» **INSTRUCTIONS FOR THE TASK**
Where an entry contains a picture, omit the picture and repeat the rest exactly.

(Stored data)

Start of Block

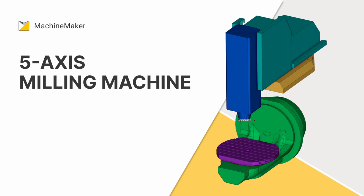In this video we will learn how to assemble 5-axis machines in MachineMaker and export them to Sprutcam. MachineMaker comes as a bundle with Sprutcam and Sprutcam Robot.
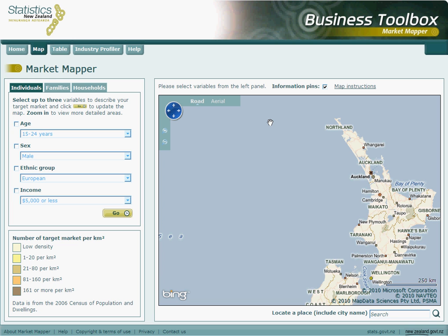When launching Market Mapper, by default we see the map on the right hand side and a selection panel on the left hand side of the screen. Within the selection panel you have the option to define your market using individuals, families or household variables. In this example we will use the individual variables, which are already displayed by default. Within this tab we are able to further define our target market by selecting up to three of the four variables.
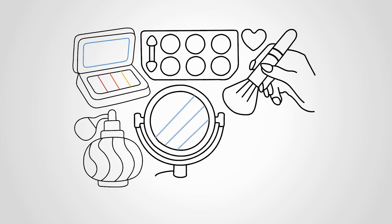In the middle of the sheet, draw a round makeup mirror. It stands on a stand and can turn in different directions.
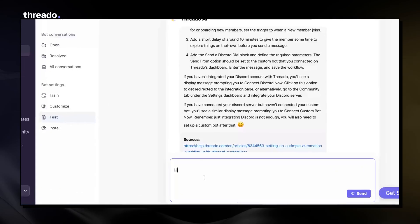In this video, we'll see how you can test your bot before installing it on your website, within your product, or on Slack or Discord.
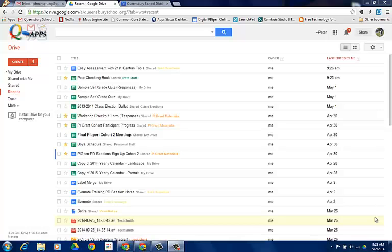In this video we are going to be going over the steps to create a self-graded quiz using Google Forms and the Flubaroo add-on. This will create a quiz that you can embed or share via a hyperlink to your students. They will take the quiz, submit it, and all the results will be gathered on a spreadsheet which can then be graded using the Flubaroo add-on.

End of Block

» **RESULT FOR THIS TASK**
In this video we will learn how to assemble 5-axis machines in MachineMaker and export them to Sprutcam. MachineMaker comes as a bundle with Sprutcam and Sprutcam Robot.
When launching Market Mapper, by default we see the map on the right hand side and a selection panel on the left hand side of the screen. Within the selection panel you have the option to define your market using individuals, families or household variables. In this example we will use the individual variables, which are already displayed by default. Within this tab we are able to further define our target market by selecting up to three of the four variables.
In the middle of the sheet, draw a round makeup mirror. It stands on a stand and can turn in different directions.
In this video, we'll see how you can test your bot before installing it on your website, within your product, or on Slack or Discord.
In this video we are going to be going over the steps to create a self-graded quiz using Google Forms and the Flubaroo add-on. This will create a quiz that you can embed or share via a hyperlink to your students. They will take the quiz, submit it, and all the results will be gathered on a spreadsheet which can then be graded using the Flubaroo add-on.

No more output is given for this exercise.